Jérôme Bocuse, son of France’s iconic chef Paul Bocuse, is suing an elite cooking school founded by his late father, for allowing his father’s name to be used in undignified commercial ventures, such as airline food, which would not grace his father's table.
The Paul Bocuse Institute is being sued by Jérôme Bocuse in a case which should appear in French courts in 2023. The stakes are high in this battle, as it has been alleged that Bocuse is demanding a fee for the use of the family name that his too high, and which may prove to be an existential threat to the institute, according to Le Figaro.
The institute, which has borne the name of its founder for twenty years, claims that it has an agreement in place with Paul Bocuse to use the family name until 2037. However, Jérôme claims that the institute goes far beyond the usage rights imagined by his father, and squanders the family name on commercial ventures his father would never have approved of. Bocuse has been fighting the issue for three years.

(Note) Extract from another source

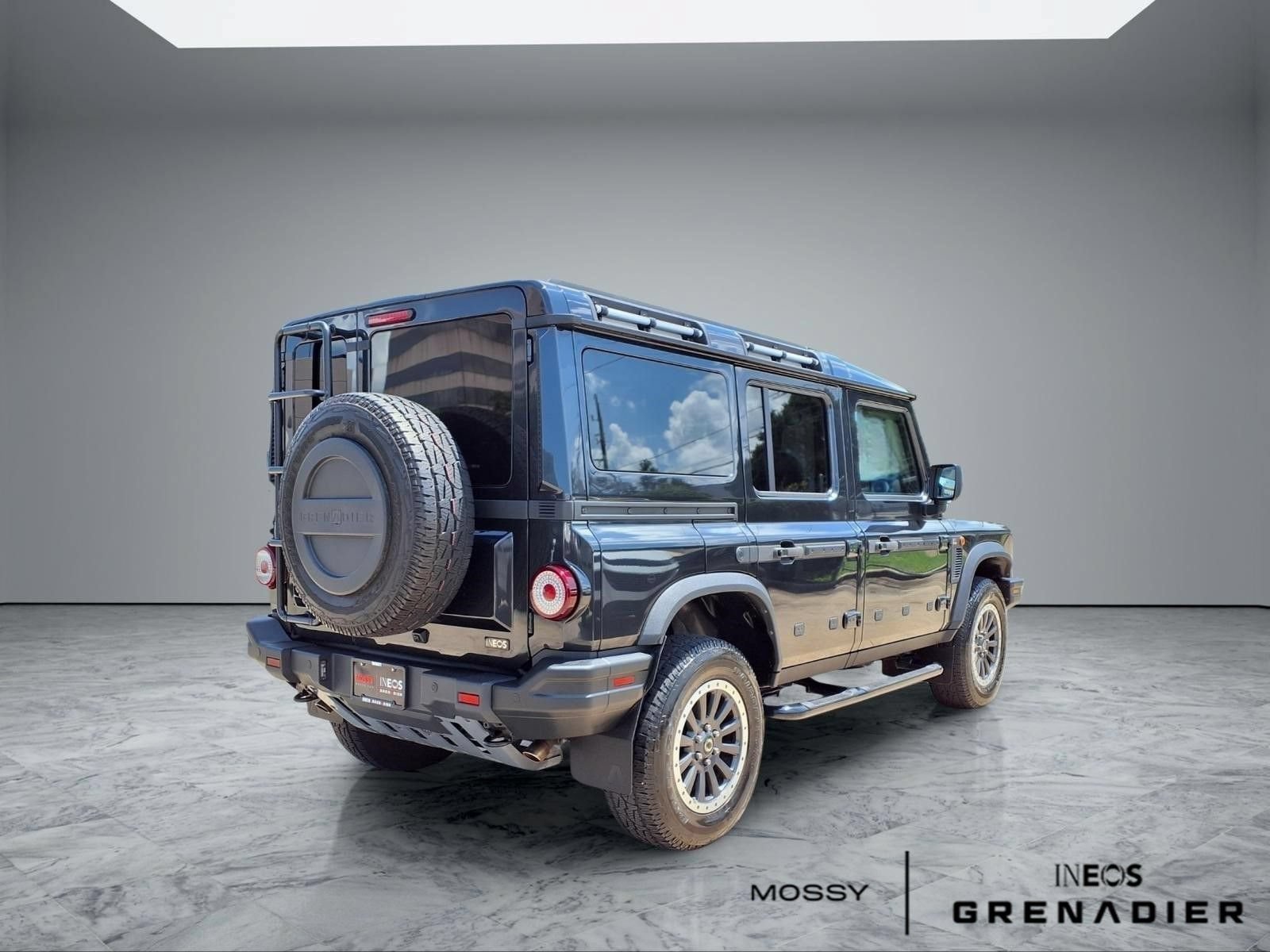Used 2024 INEOS Grenadier Station Wagon AWD/4WD image 7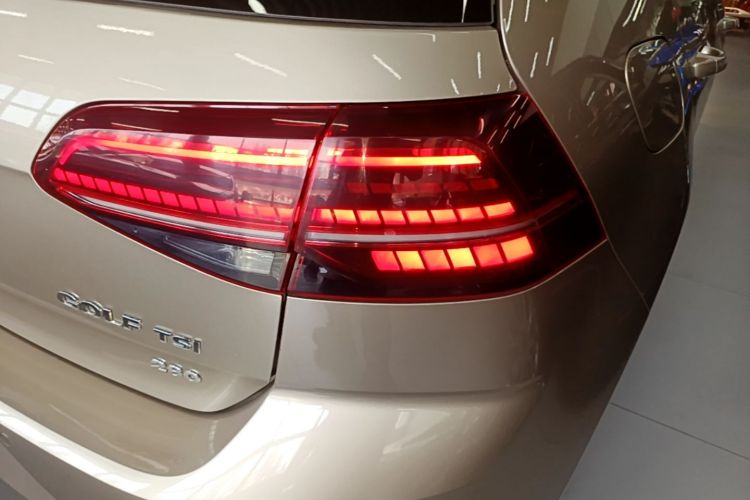Volkswagen Golf 2019 #8 Volkswagen Golf 2019 car image #8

He told Le Figaro: “The values my father advocated are betrayed. No one will steal his name from us. All his life, he repeated to me how proud he was. With the other entities in Lyon that bear my father's name, such as Les Halles Paul Bocuse and the Bocuses d’Or, everything is fine”.
The Bocuse family, which can trace its lineage in gastronomy back to 1729, is notoriously protective of the family name. In 1921, Paul Bocuse’s grandfather ceded his name to a Russian named Borisoff, in exchange for the hand of his rather beautiful wife. With the moniker ‘Bocusoff’ - a humiliation of sorts for the family - after winning his third Michelin star, Paul paid to have the family name restored to its original ‘Bocuse’, and it has been emblazoned in giant neon lettering outside the chef’s eponymous restaurant in Lyon ever since.